Last modified: April 25, 2014
That’s funny, because Canequity.com was runnig a special for the week doing a 5 year fixed at 5.69% which is 0.10% off of their regular rate. I wonder if they will be up to 5.89% after the special is over.
Just for the record Traciatim, most high volume brokers have access to that same 5.69% rate. That means probably 1% or 2% of all brokers in the country. I’m not sure if I would call it a “special.”
If that rate is through the lender I think it is (Firstline) it will be gone Monday because Firstline is raising their rates.
That leaves Alterna as the low rate provider at 5.65%. Avoid Alterna though unless time is no factor. They are slow slow slow in processing applications. Plus they ask for every document under the sun.
Dean
It’s very interesting how quickly things change. My own mortgage is through Firstline and I only closed in April. My interest rate is 5.09% for 5 years. So far for this period it looks like I made the correct decision on locking in, I guess we will see in 4 years 6 months.
Hi Traciatim,
You’re absolutely right. The market adjusts suprisingly fast to changing economic variables.

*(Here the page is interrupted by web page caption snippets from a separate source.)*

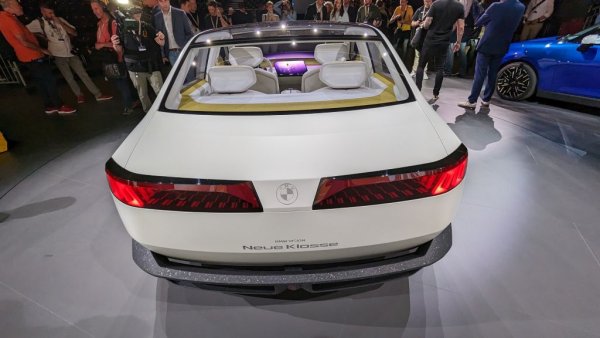 - Разбира се, ние гледаме много сериозно на китайските си конкуренти. В същото време BMW оперира в различни ценови сегменти от повечето от тях. Освен това, както казах, дори на много конкурентния китайски пазар ние печелим пазарен дял. Така че сме готови да се конкурираме с китайските марки. Ако те дойдат в Европа - а някои вече са тук - те тепърва ще трябва да докажат, че резонират с нуждите на клиентите, че имат нужното следпродажбено обслужване, че доставките на компоненти функционират... Тоест предстои им да организират много неща. 
Не смятаме, че собственото производство на батерии е нужно, за да се конкурираме с китайците. Развитието на технологиите в тази област е толкова бързо, че рискуваме, ако започнем наше производство, да изостанем. Ние имаме достатъчно компетентност в тази област благодарение на специалния ни център до Мюнхен, и имаме партньорства с други компании, за да получим технологиите за клетките, от които се нуждаем. 
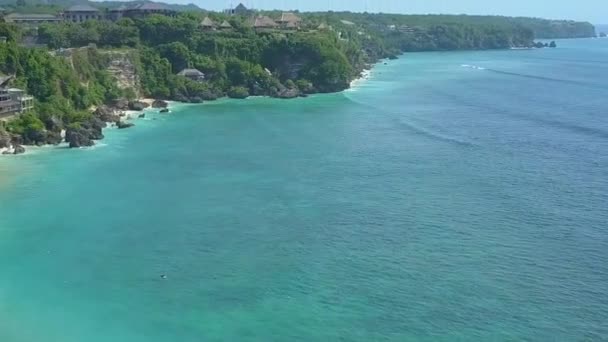 Zoom Aerial Efecto Bungalows Frente Mar Cabañas Hoteles Complejo Lujo — Vídeo de stock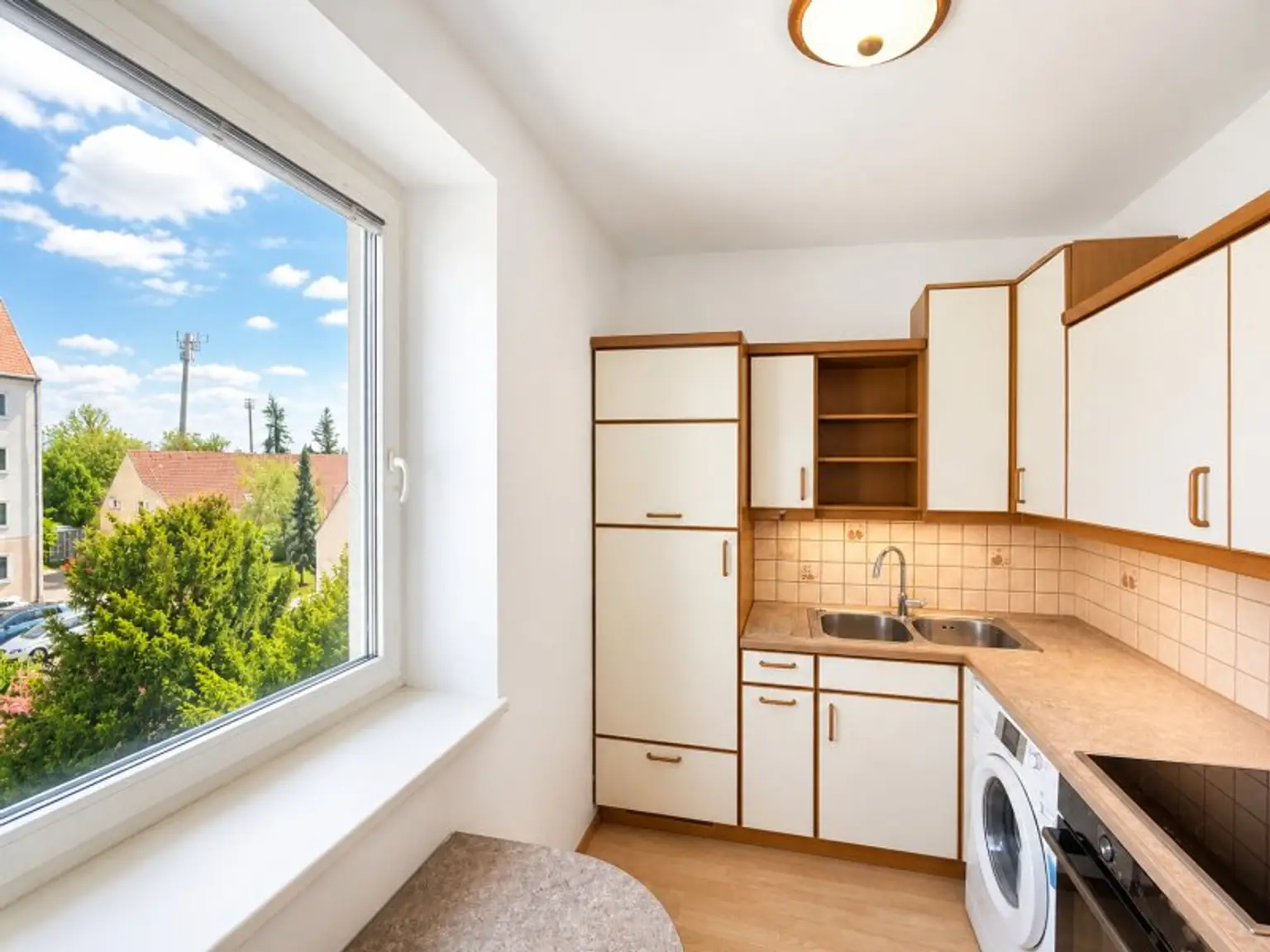 Küche mit Blick in den Innenhof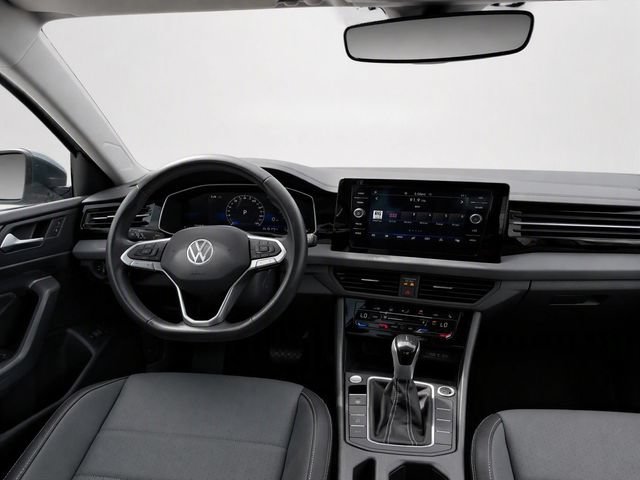 Used 2025 Volkswagen Jetta SE FWD image 25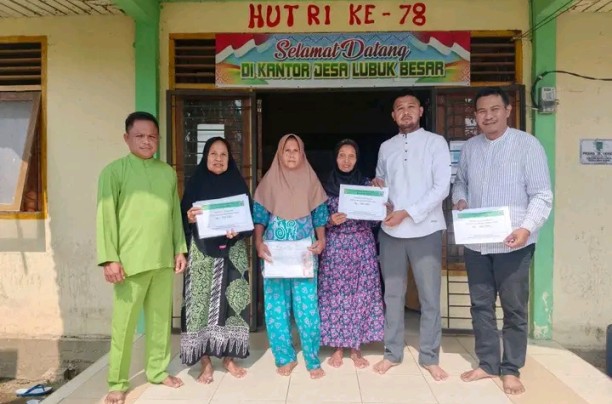 Serah Terima Bantuan Langsung Tunai (BLT) DD Triwulan IV Tahap Akhir Bagi Keluarga Kurang Mampu Di Desa Lubuk Besar Untuk Bulan Oktober Sampai Desember.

Like most mere mortals I have absolutely no idea where rates will be by the end of your term. Yet, if someone had the proverbial gun to my head, I’d bet you made a good decision. Canada’s resource-based economy is just so solid. It’s hard to imagine the Bank of Canada lowering rates by any significant degree in the forseeable future.
If it weren’t for U.S. economic troubles, a strong loonie, and historical studies that support variable rates, locking in (even at today’s rates) would seem the hands-down choice.